§ **Prompt**: Once "Mazda 6 2.0" turns up in a line below, reproduce that line and those after it exactly, stopping after the line with "ト506-118 メロウピンク 5.0鉢【ECJ】"; leave pictures out.

§ **Given entries**:

::::

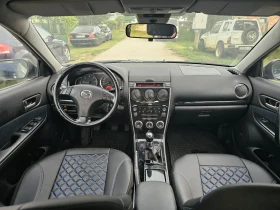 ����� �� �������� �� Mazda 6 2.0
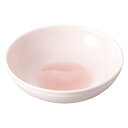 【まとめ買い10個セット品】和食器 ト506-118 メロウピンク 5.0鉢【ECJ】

::::

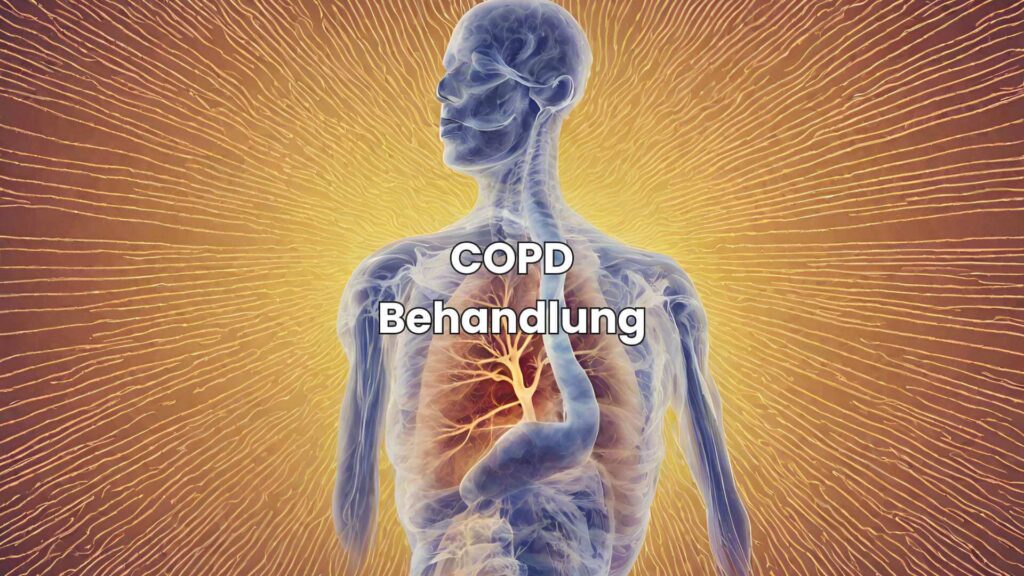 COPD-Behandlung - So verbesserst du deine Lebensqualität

::::

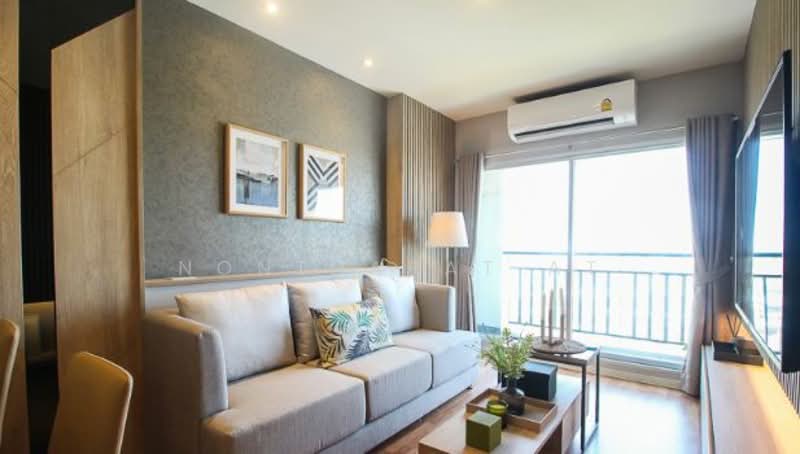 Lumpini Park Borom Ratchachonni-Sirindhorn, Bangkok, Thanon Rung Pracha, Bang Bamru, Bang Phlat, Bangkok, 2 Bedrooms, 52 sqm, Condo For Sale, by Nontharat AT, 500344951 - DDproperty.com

::::

§ **Exercise result**:
 ����� �� �������� �� Mazda 6 2.0
 【まとめ買い10個セット品】和食器 ト506-118 メロウピンク 5.0鉢【ECJ】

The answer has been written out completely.